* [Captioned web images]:
+ + + + +

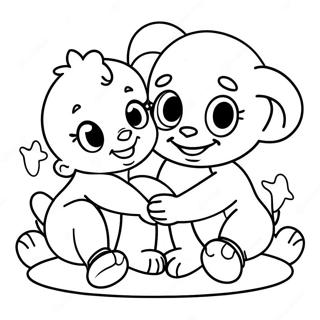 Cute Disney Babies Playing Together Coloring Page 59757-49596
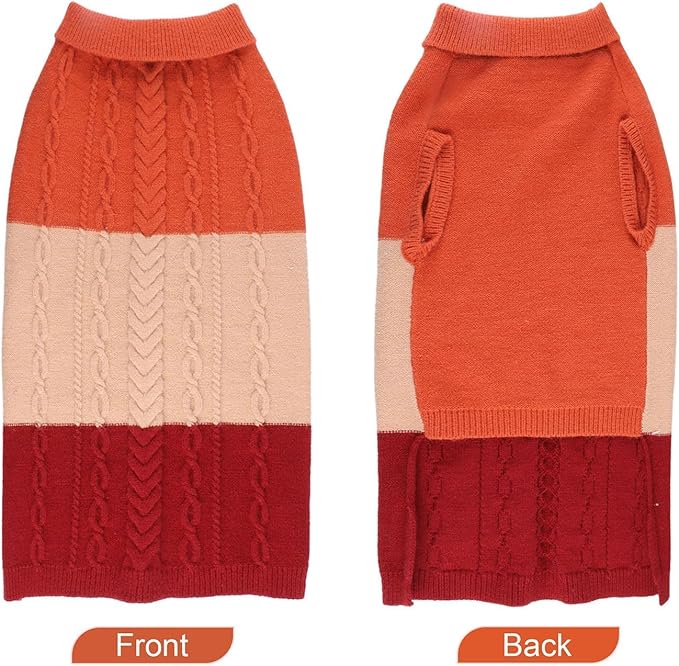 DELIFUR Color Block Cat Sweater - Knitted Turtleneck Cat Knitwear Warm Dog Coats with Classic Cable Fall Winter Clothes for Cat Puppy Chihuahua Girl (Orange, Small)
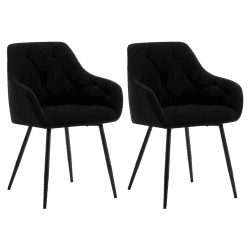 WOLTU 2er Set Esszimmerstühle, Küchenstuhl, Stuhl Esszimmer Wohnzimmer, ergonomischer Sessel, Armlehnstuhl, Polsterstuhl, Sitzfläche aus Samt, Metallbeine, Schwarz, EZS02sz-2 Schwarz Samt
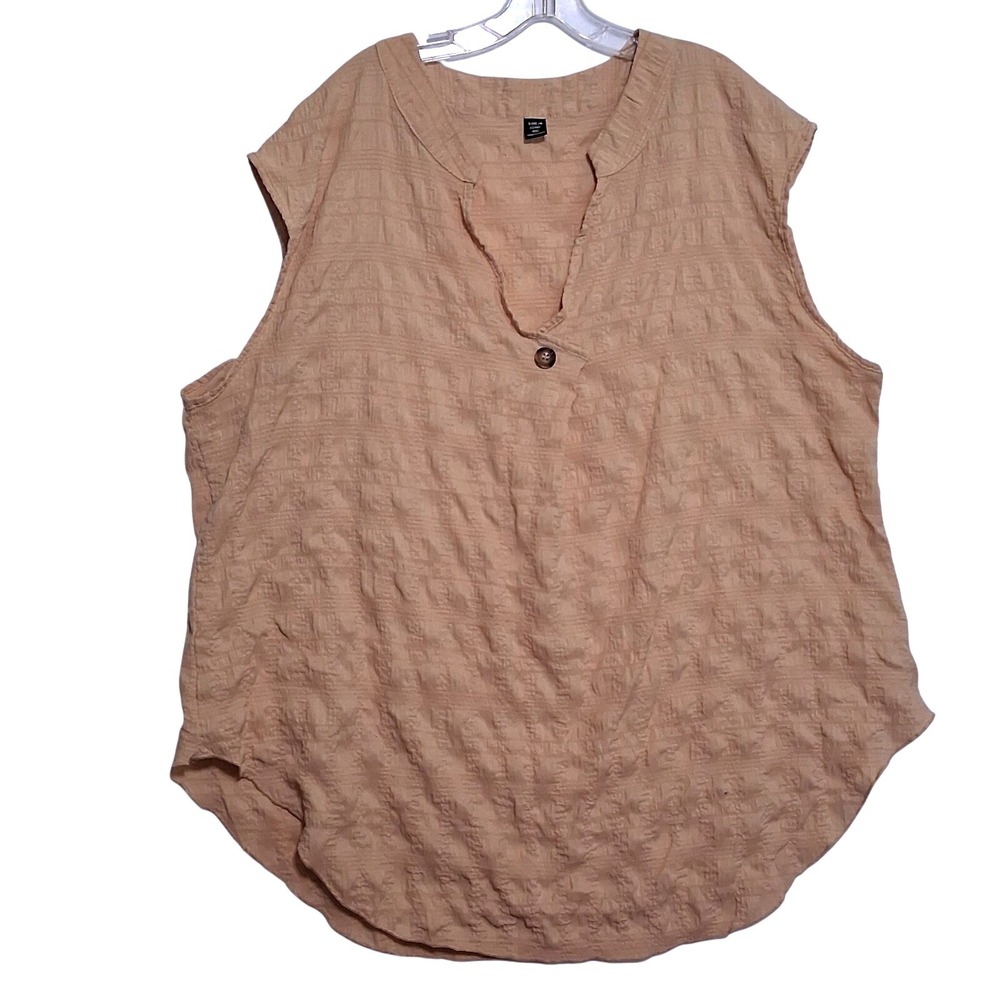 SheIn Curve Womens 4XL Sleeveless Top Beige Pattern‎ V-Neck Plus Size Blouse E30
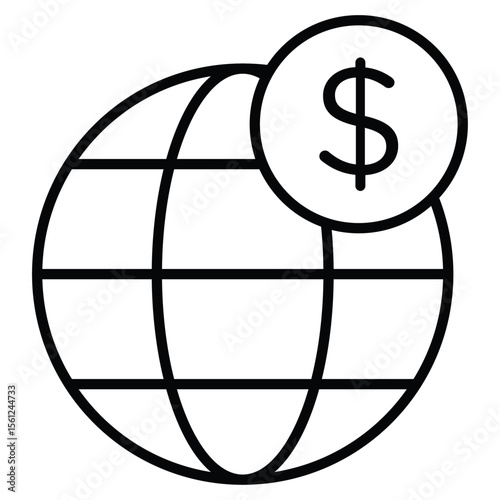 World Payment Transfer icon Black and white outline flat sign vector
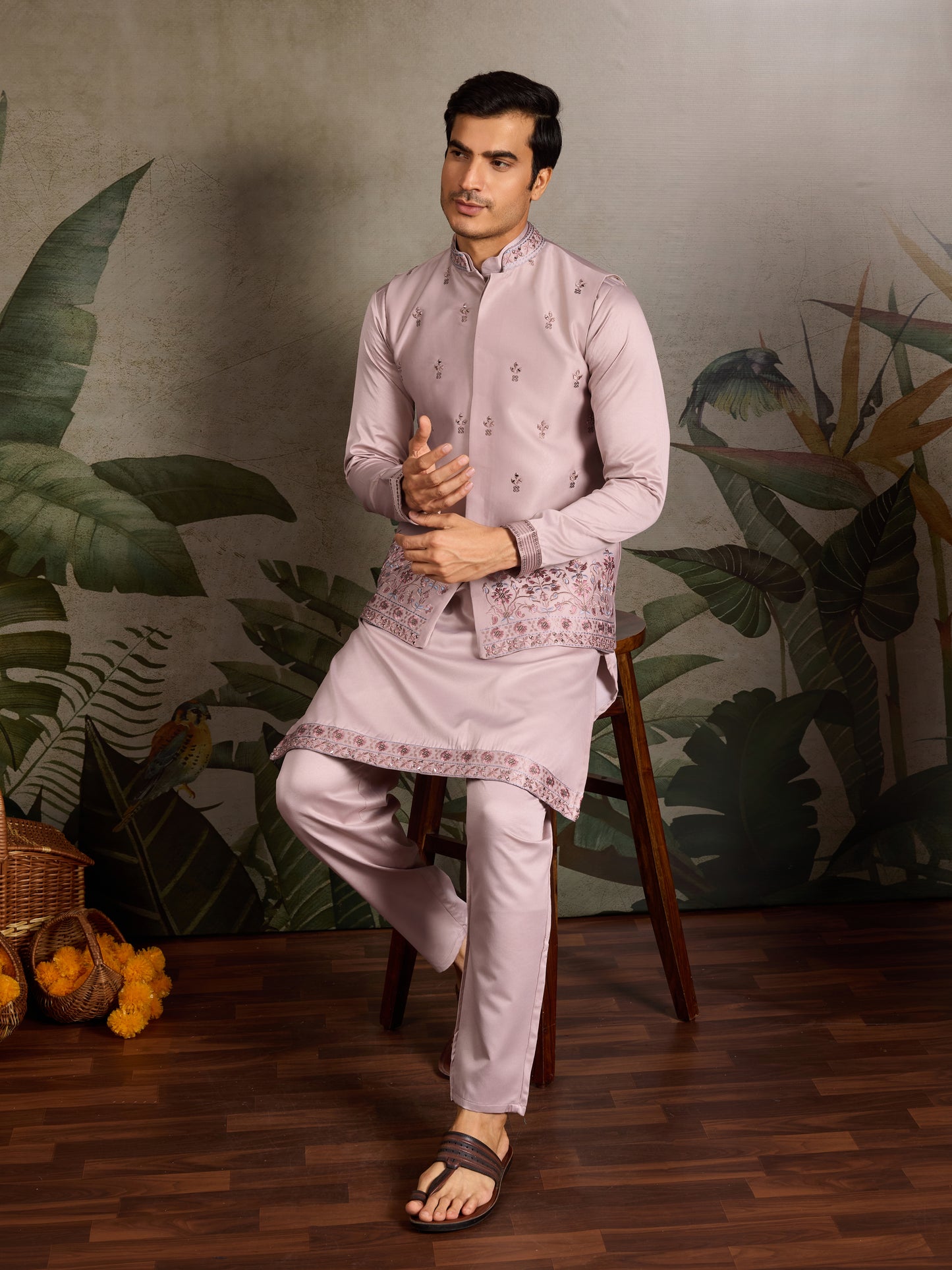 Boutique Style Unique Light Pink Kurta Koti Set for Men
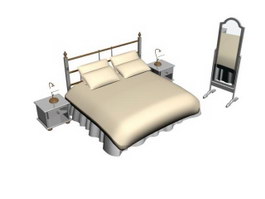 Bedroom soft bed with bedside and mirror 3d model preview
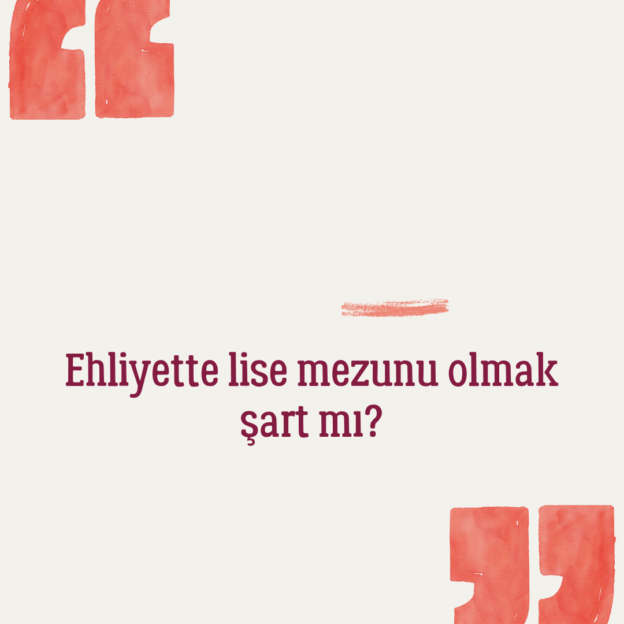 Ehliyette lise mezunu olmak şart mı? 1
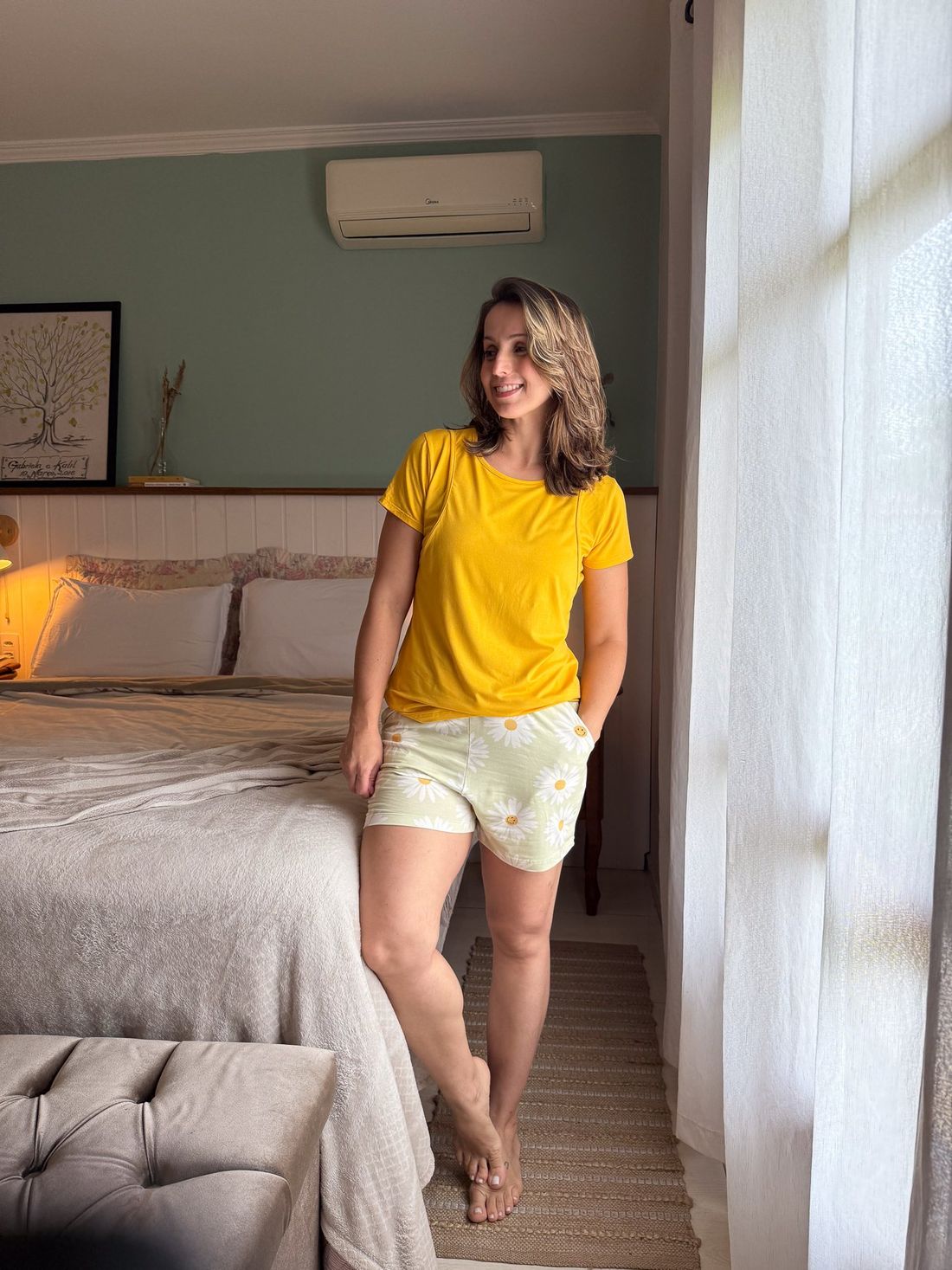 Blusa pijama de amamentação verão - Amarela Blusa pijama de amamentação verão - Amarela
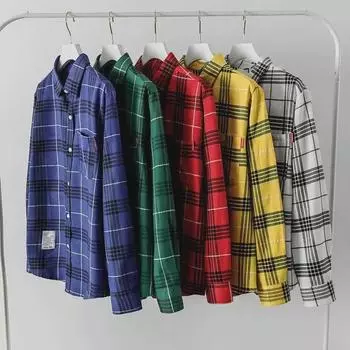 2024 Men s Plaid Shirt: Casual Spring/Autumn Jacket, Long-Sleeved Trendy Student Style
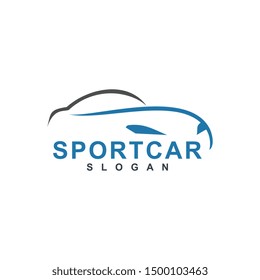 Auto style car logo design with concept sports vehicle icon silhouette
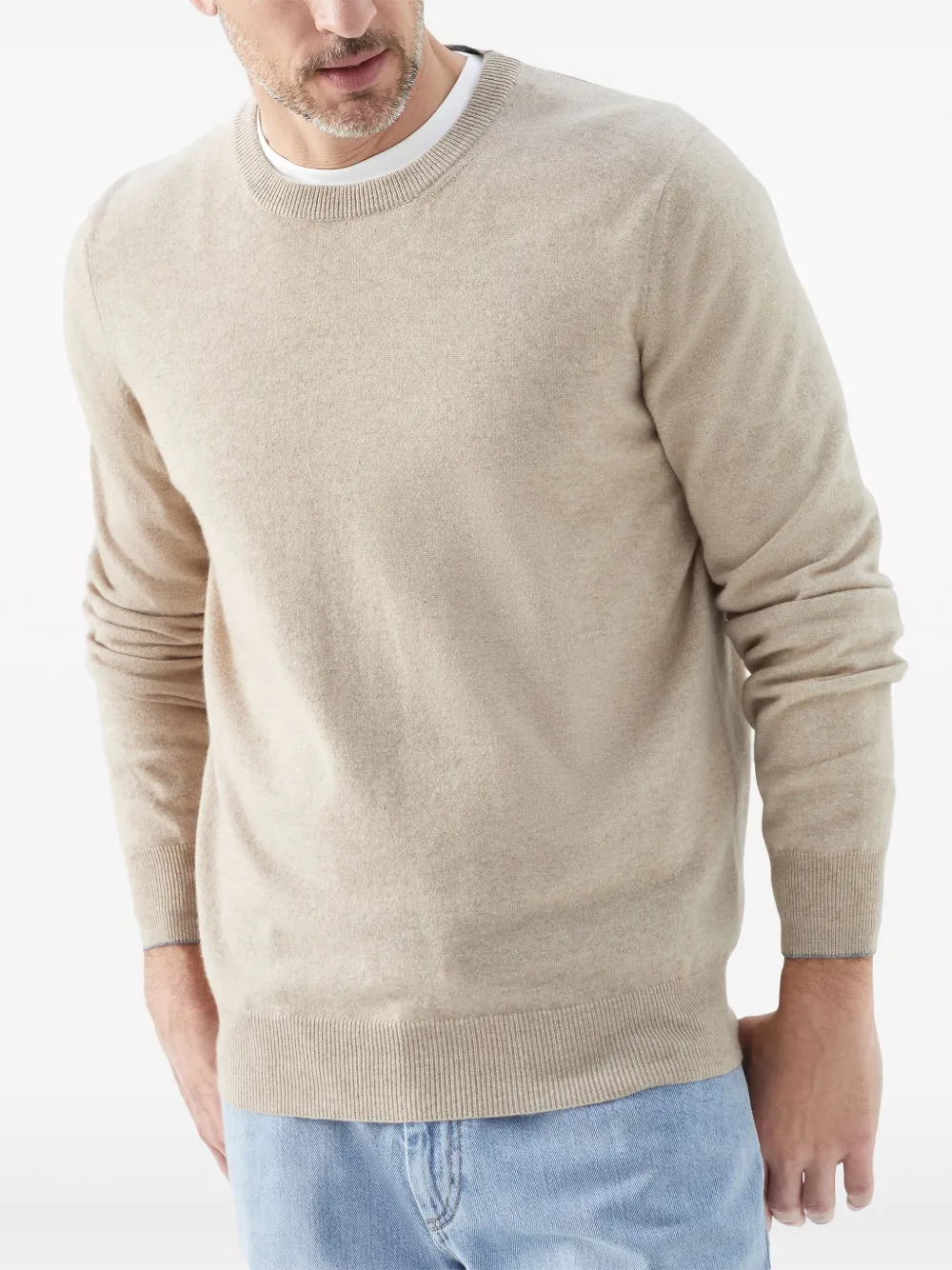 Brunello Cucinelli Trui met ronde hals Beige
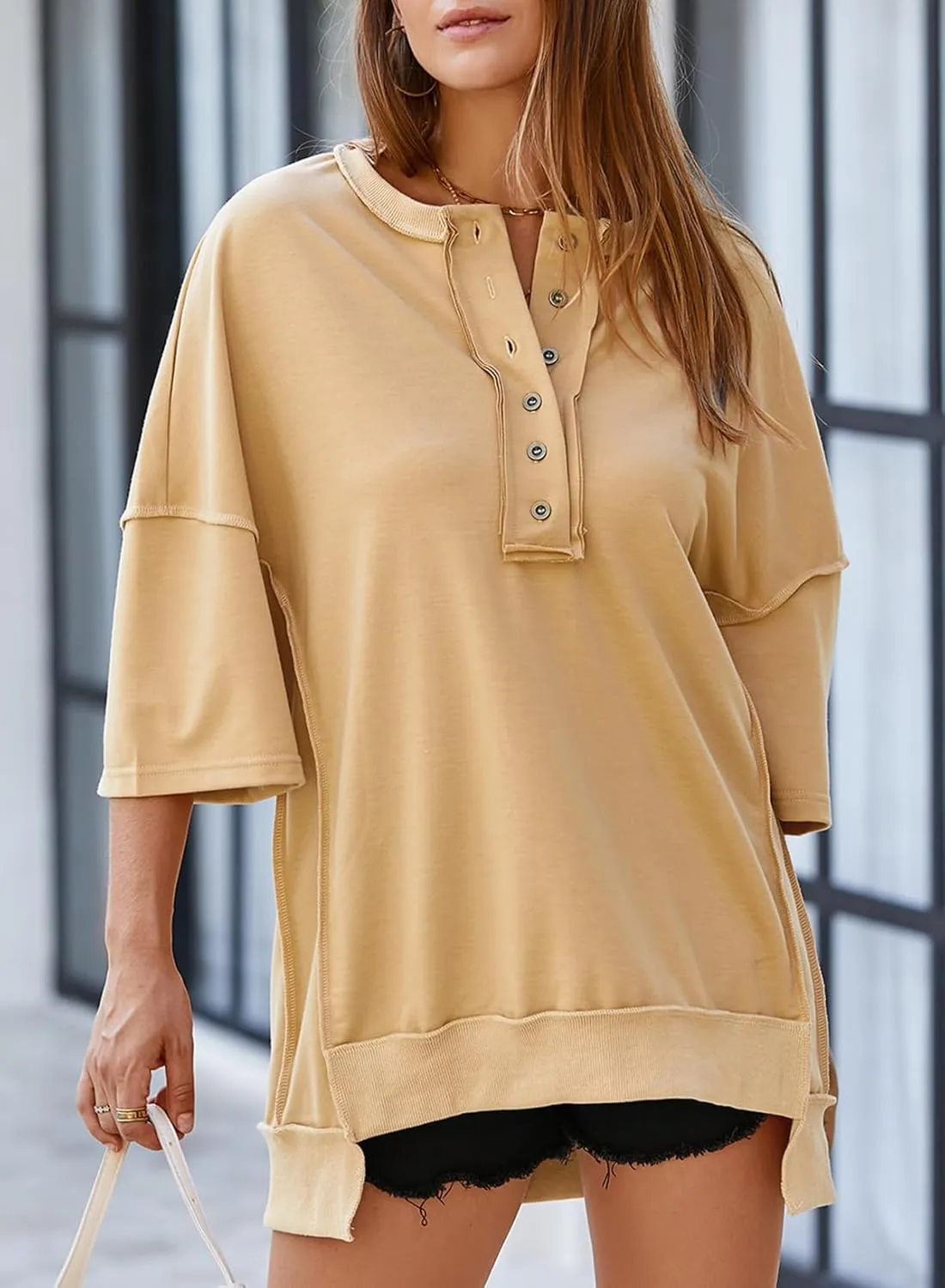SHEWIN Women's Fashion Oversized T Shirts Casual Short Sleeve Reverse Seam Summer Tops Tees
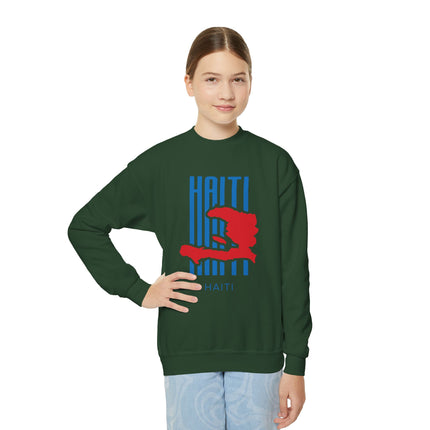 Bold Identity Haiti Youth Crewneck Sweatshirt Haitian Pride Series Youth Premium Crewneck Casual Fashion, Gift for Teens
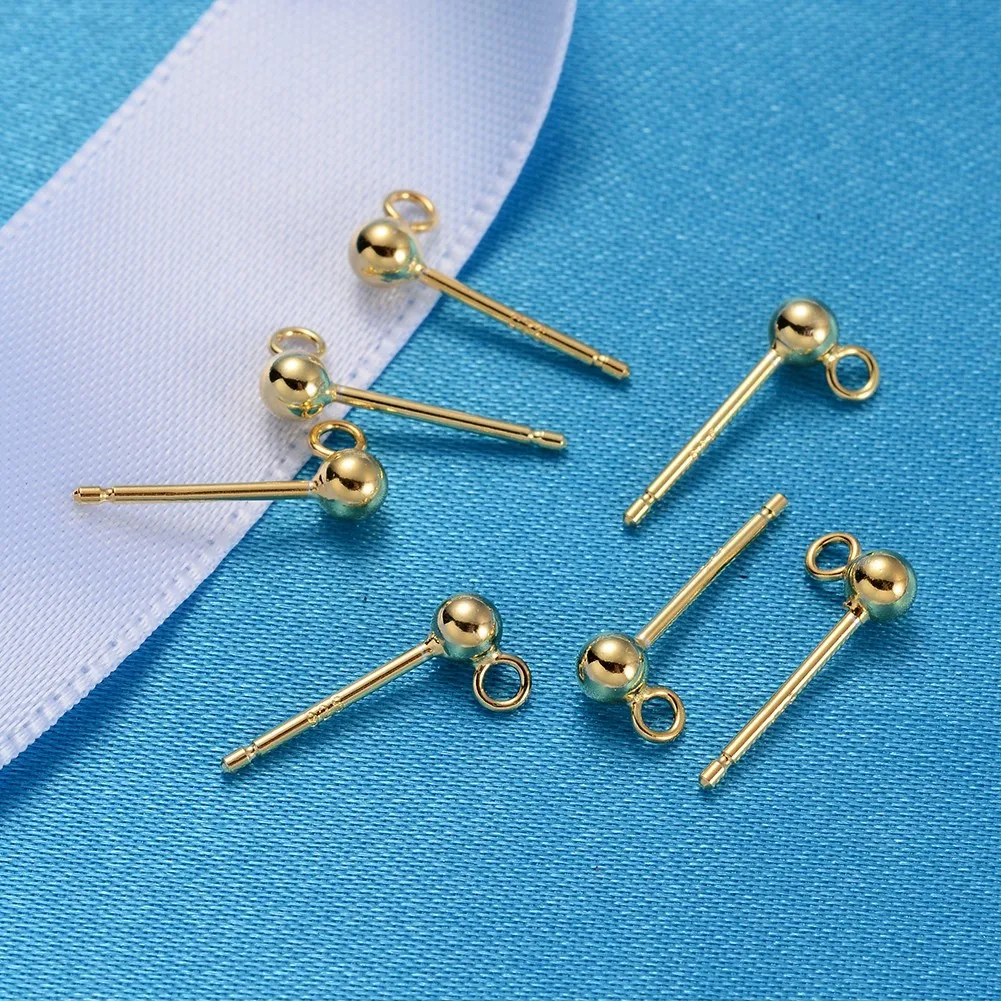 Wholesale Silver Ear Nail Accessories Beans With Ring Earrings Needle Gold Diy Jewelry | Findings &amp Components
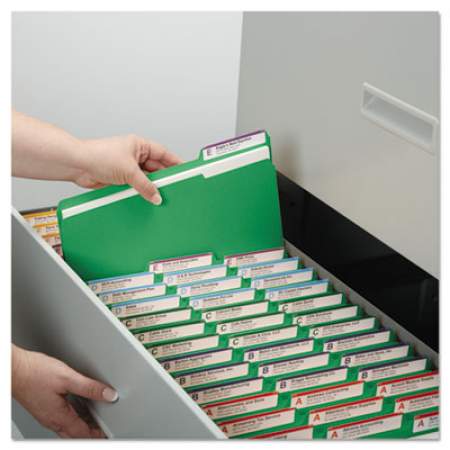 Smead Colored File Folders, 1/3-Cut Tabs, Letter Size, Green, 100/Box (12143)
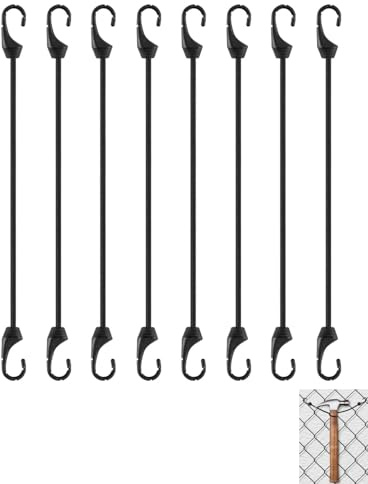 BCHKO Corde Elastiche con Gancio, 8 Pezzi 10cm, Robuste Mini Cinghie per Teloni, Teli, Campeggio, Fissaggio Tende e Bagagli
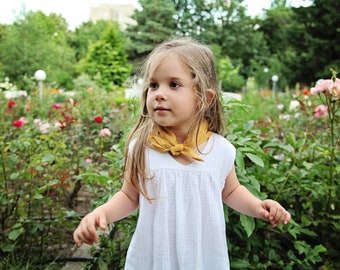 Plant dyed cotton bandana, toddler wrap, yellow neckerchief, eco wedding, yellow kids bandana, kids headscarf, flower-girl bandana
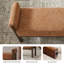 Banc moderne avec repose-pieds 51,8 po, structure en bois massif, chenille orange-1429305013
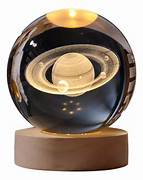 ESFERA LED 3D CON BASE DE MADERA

+ + + + +

* [Required action]: From the line containing "Boutique Style Unique" through the line containing "BCHKO Corde Elastiche", copy every line above exactly, without pictures.

* [Worked solution]:
 Boutique Style Unique Light Pink Kurta Koti Set for Men
 Bedroom soft bed with bedside and mirror 3d model preview
 Ehliyette lise mezunu olmak şart mı? 1
 Blusa pijama de amamentação verão - Amarela Blusa pijama de amamentação verão - Amarela
 2024 Men s Plaid Shirt: Casual Spring/Autumn Jacket, Long-Sleeved Trendy Student Style
 Auto style car logo design with concept sports vehicle icon silhouette
 Brunello Cucinelli Trui met ronde hals Beige
SHEWIN Women's Fashion Oversized T Shirts Casual Short Sleeve Reverse Seam Summer Tops Tees
 Bold Identity Haiti Youth Crewneck Sweatshirt Haitian Pride Series Youth Premium Crewneck Casual Fashion, Gift for Teens
 Wholesale Silver Ear Nail Accessories Beans With Ring Earrings Needle Gold Diy Jewelry | Findings &amp Components
 Smead Colored File Folders, 1/3-Cut Tabs, Letter Size, Green, 100/Box (12143)
 BCHKO Corde Elastiche con Gancio, 8 Pezzi 10cm, Robuste Mini Cinghie per Teloni, Teli, Campeggio, Fissaggio Tende e Bagagli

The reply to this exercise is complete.